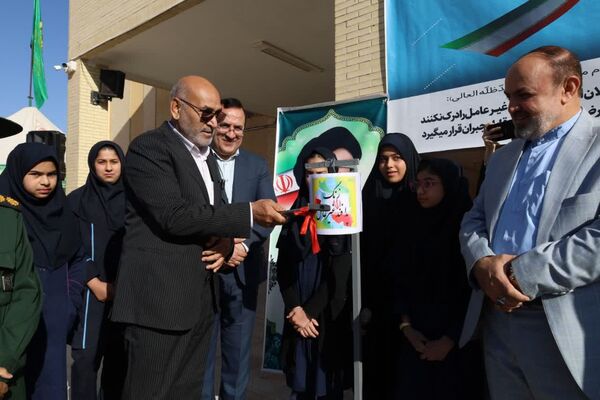 مراسم زنگ پدافند غیرعامل در مدرسه ام هانی ناحیه 2 یزد 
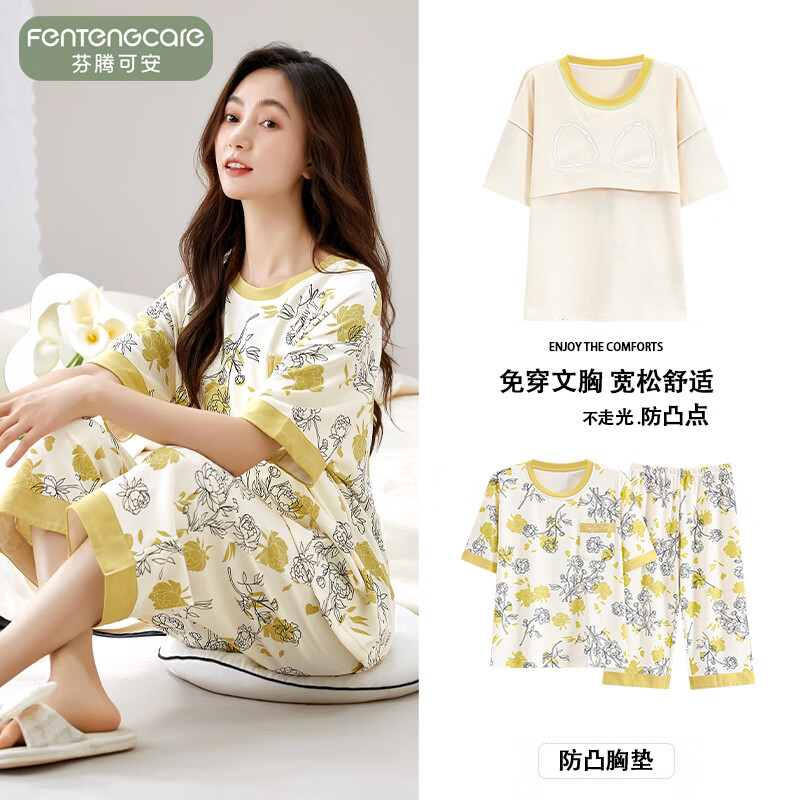 芬腾可安（FENTENGCARE）自带胸垫睡衣女士夏天短袖七分裤套装两件套休闲薄款可外穿家居服 M41042 L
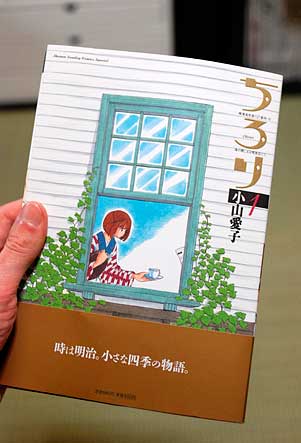 小山愛子『ちろり』1巻
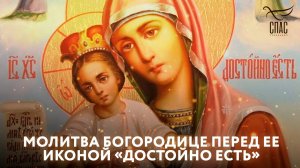 Молитва Богородице перед ее иконой «Достойно есть»
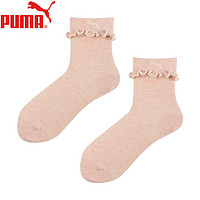 PLUS会员：PUMA 彪马 女学生袜中筒木耳边可爱学院风女袜单双装 粉色 均码(35/38)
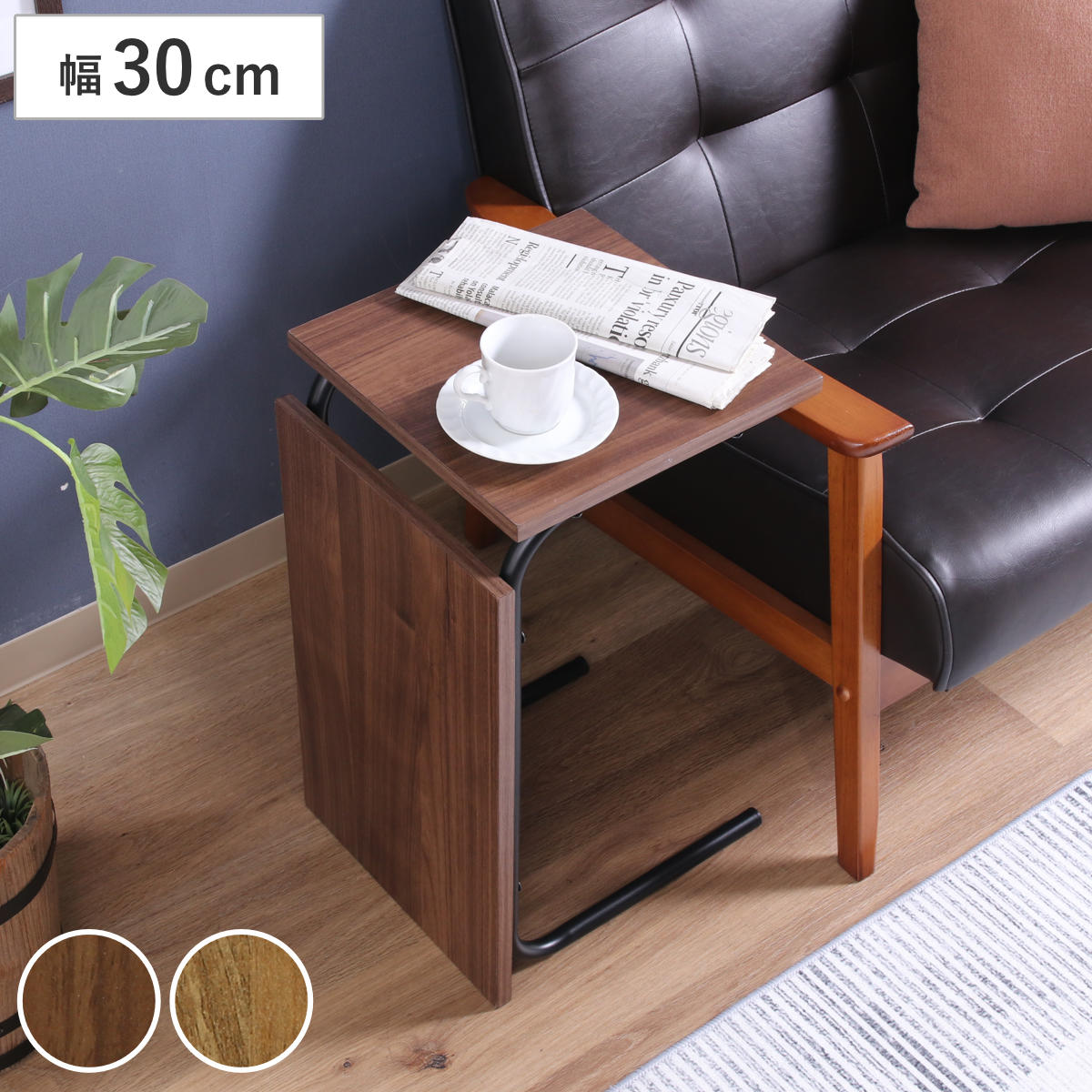 不二貿易（Fuji Boeki） EZBO サイドテーブル 2wayテーブル 大サイズ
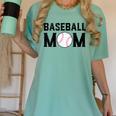 Baseball Mom Mommy Mama Mother's Day Women Retro Ball Sports Women's Comfort Colors T-Shirt Violet Baseball Mom Mommy Mama Mother's Day Women Retro Ball Sports Women's Comfort Colors T-Shirt Violet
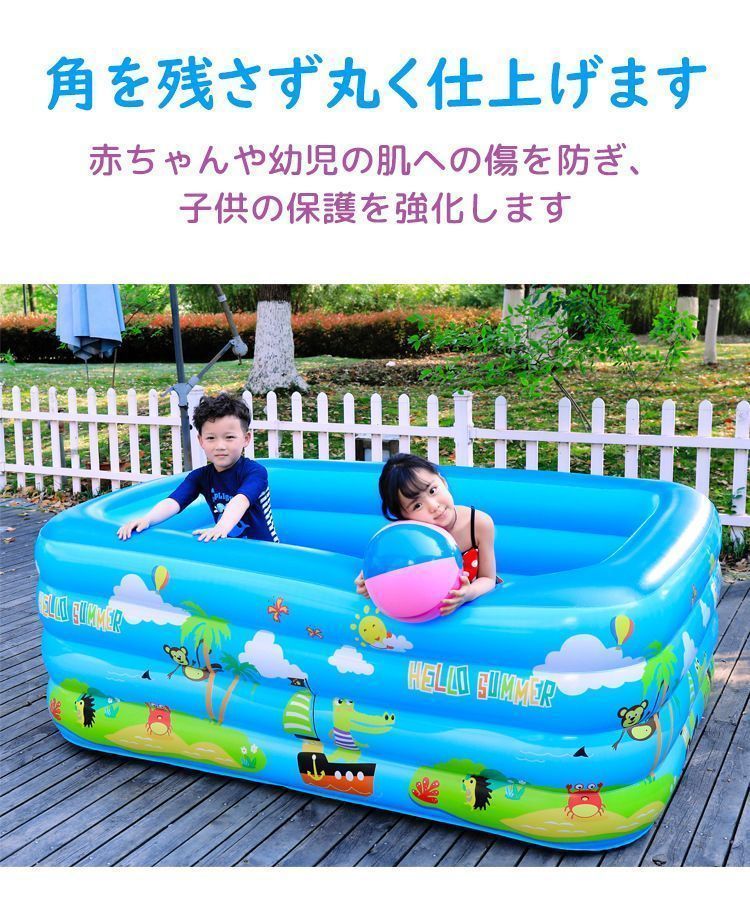 最短翌営業日発送。 大型 プール ビニールプール 210*140*60cm 小型プール 家庭用 子供用 ビニールプール エアプール 水遊び サイズ選択 折りたたみ式 長方形 屋外 暑さ対策xunxin01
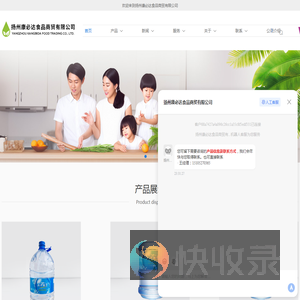 扬州送水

= = = = =

Work order >> Output precisely the lines in the material above from the line containing "PLUS会员：PUMA 彪马 女学生袜中筒木耳边可爱学院风女袜单双装" through its last line, and omit pictures.

Reply to the exercise >>
 PLUS会员：PUMA 彪马 女学生袜中筒木耳边可爱学院风女袜单双装 粉色 均码(35/38)
 不二貿易（Fuji Boeki） EZBO サイドテーブル 2wayテーブル 大サイズ
 Baseball Mom Mommy Mama Mother's Day Women Retro Ball Sports Women's Comfort Colors T-Shirt Violet Baseball Mom Mommy Mama Mother's Day Women Retro Ball Sports Women's Comfort Colors T-Shirt Violet
 最短翌営業日発送。 大型 プール ビニールプール 210*140*60cm 小型プール 家庭用 子供用 ビニールプール エアプール 水遊び サイズ選択 折りたたみ式 長方形 屋外 暑さ対策xunxin01
 扬州送水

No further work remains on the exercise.